== DIRECTIONS ==
Transcribe only what runs from the line containing "Egypt. Nubia, Abu" through the final line below, exactly, and leave every picture out.

:: EXCERPTED RECORDS

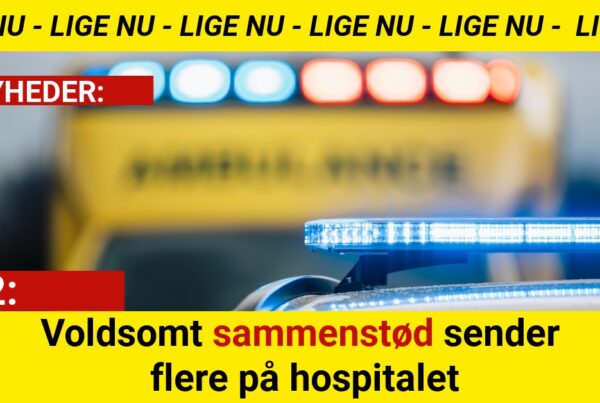 Voldsomt sammenstød sender flere på hospitalet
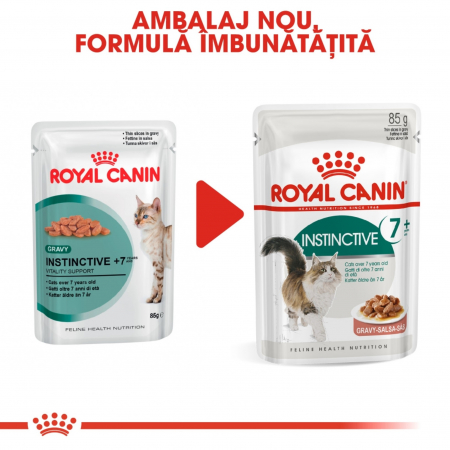 Royal Canin Instinctive 7+, plic hrană umedă pisici, (în sos), 1x85g [6]
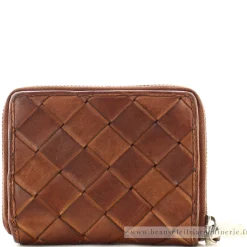 Biba Petit portefeuille Lewisburg zippe et tresse*Femme Portefeuilles Femme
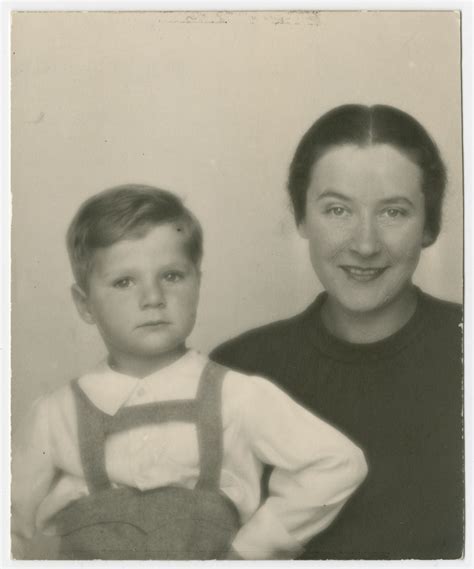 close up portrait of vilma grunwald and her son misa collections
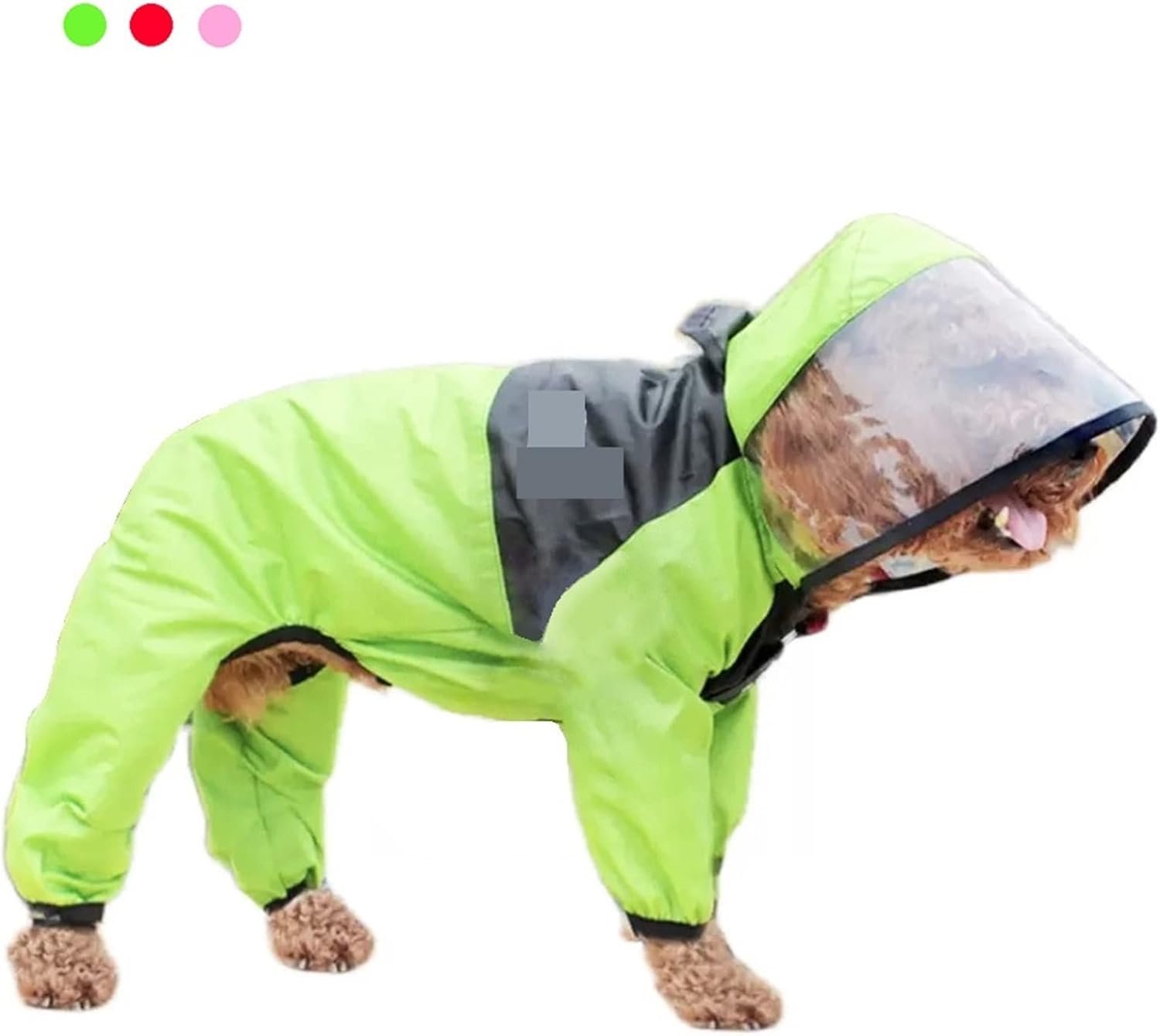 Dog Raincoats Pet Dog Raincoat Waterproof Waterproof with Transparent Hooded Jumpsuit Dog Clothing Clothes for Dogs Cats Jacket Dog Costume (Size : XL-Large)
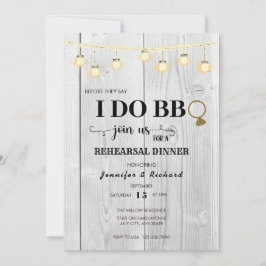 Invitación Barbacoa | Cena de ensayo | Ducha de pareja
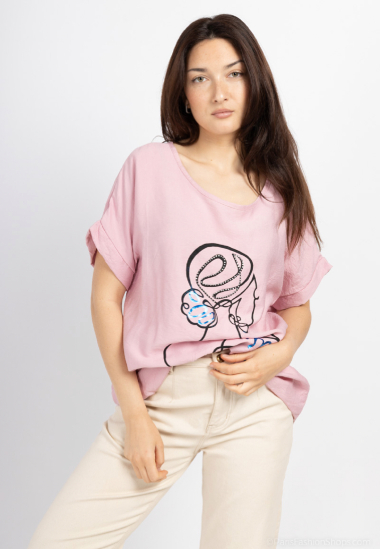 Großhändler Chana Mod - Bedrucktes T-Shirt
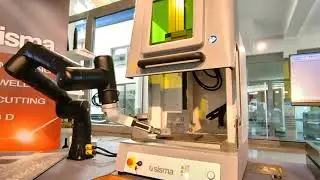 24/7 automated laser marking with Kassow Robots and Sisma (Solution provided by OCH GmbH, Germany)
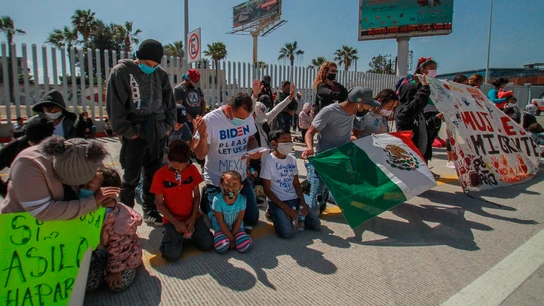 Protestas en la frontera entre Estados Unidos y México México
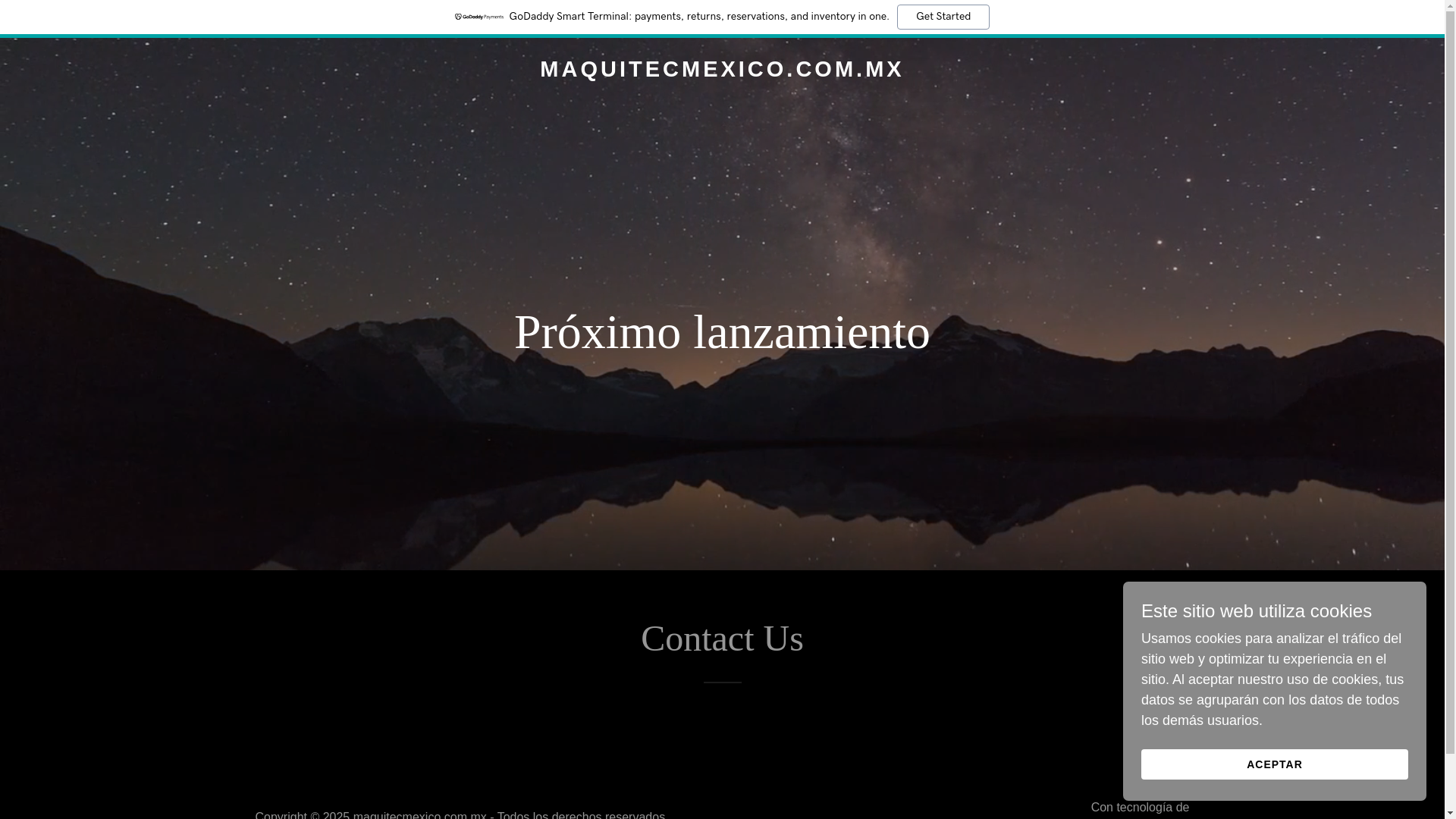 website screenshot of https://maquitecmexico.com.mx/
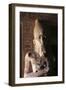 Egypt. Nubia, Abu Simbel, Great Temple of Ramses II, Interior, Detail of a Colossal Statue-null-Framed Giclee Print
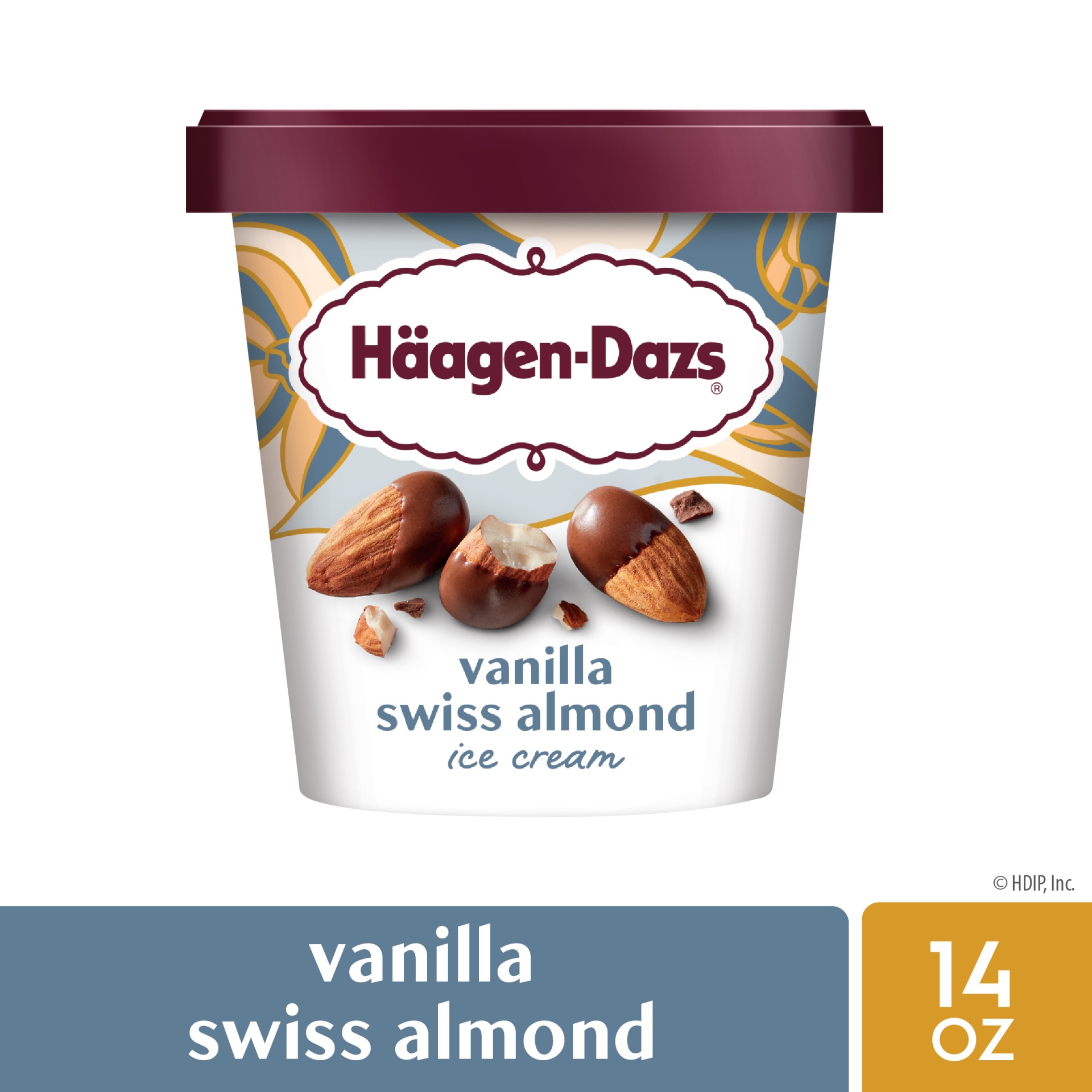 slide 1 of 7, Häagen-Dazs Vanilla Swiss Almond Ice Cream, 14 oz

::::

== WRITTEN SOLUTION ==
 Egypt. Nubia, Abu Simbel, Great Temple of Ramses II, Interior, Detail of a Colossal Statue-null-Framed Giclee Print
 slide 1 of 7, Häagen-Dazs Vanilla Swiss Almond Ice Cream, 14 oz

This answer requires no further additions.